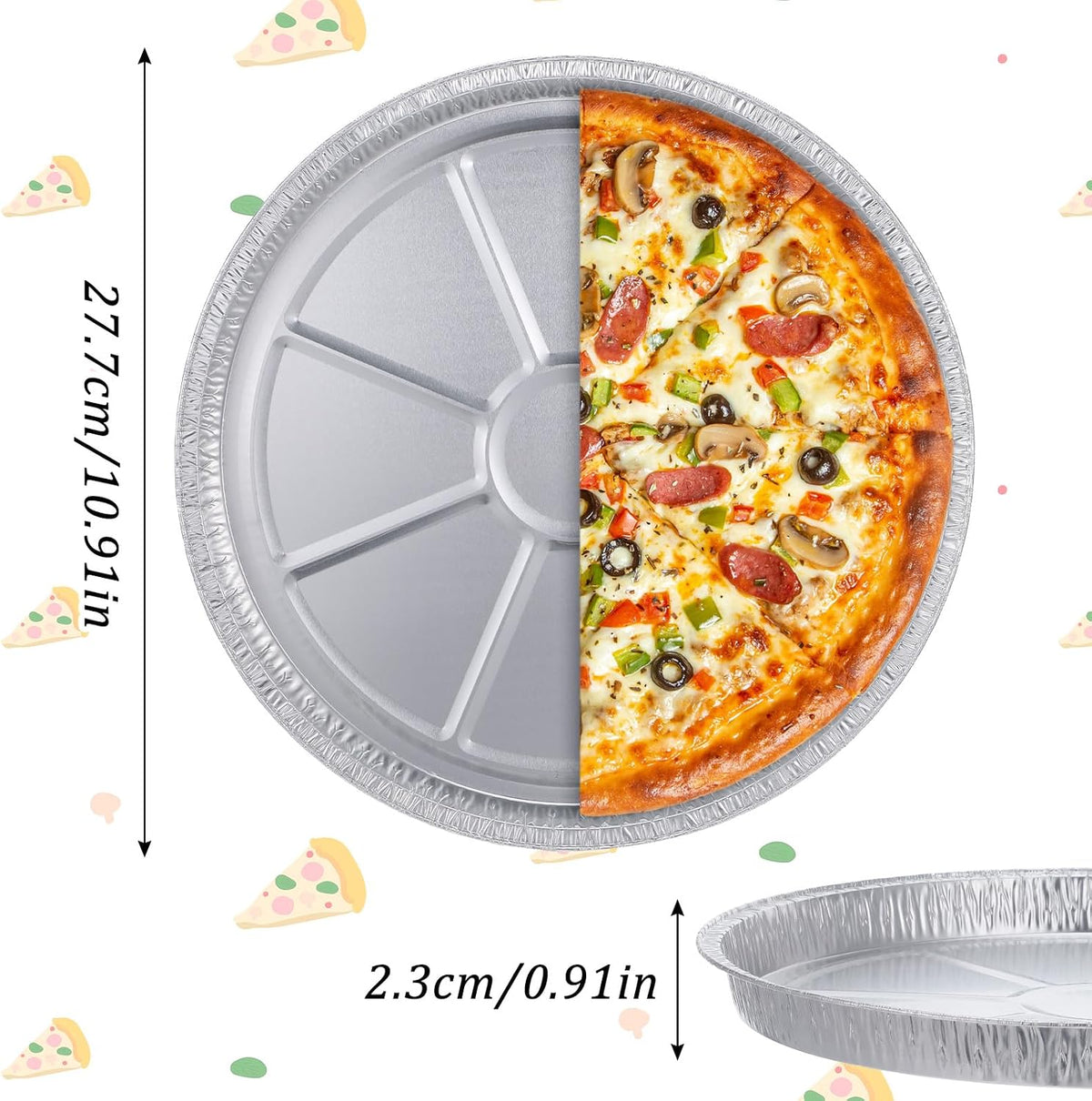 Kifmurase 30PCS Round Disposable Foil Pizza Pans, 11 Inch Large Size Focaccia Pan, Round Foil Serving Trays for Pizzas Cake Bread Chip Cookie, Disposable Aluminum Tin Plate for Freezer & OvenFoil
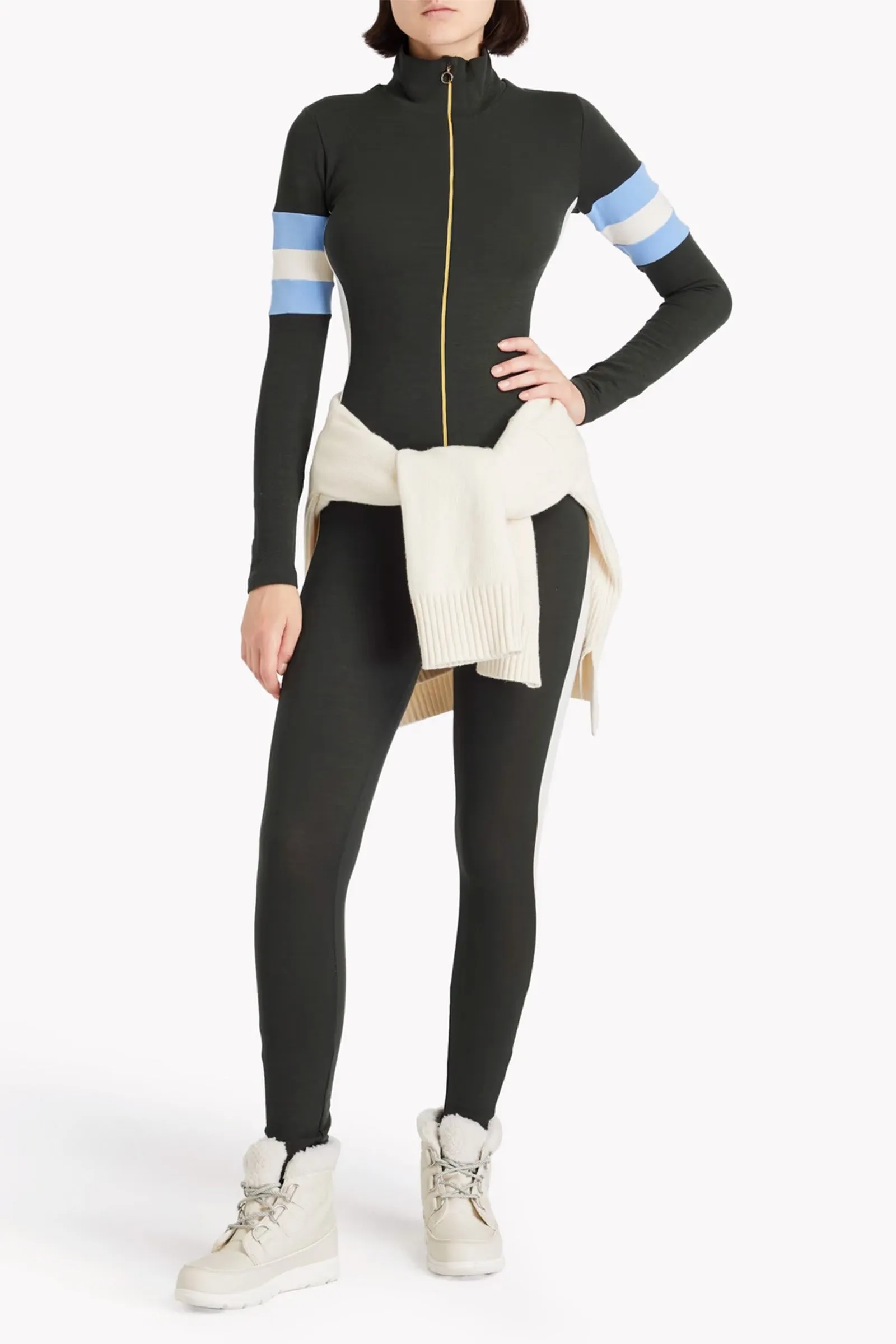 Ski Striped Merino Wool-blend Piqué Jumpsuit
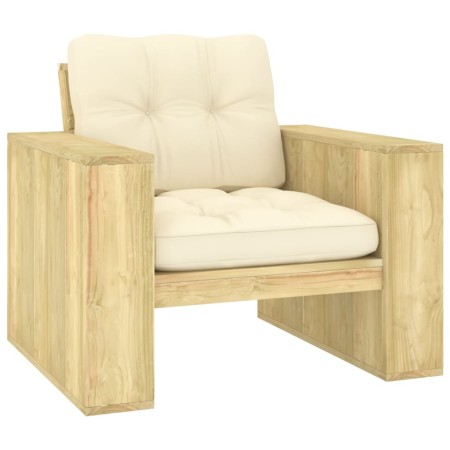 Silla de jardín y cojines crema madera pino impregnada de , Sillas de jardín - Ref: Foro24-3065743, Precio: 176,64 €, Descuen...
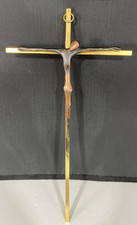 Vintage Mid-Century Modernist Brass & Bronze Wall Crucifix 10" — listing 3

○ ○ ○ ○

• _Work order_: Repeat the data above exactly, but not the pictures.

• _Finished task_:
 Kifmurase 30PCS Round Disposable Foil Pizza Pans, 11 Inch Large Size Focaccia Pan, Round Foil Serving Trays for Pizzas Cake Bread Chip Cookie, Disposable Aluminum Tin Plate for Freezer & OvenFoil
 Ski Striped Merino Wool-blend Piqué Jumpsuit
 Silla de jardín y cojines crema madera pino impregnada de , Sillas de jardín - Ref: Foro24-3065743, Precio: 176,64 €, Descuen...
 Vintage Mid-Century Modernist Brass & Bronze Wall Crucifix 10" — listing 3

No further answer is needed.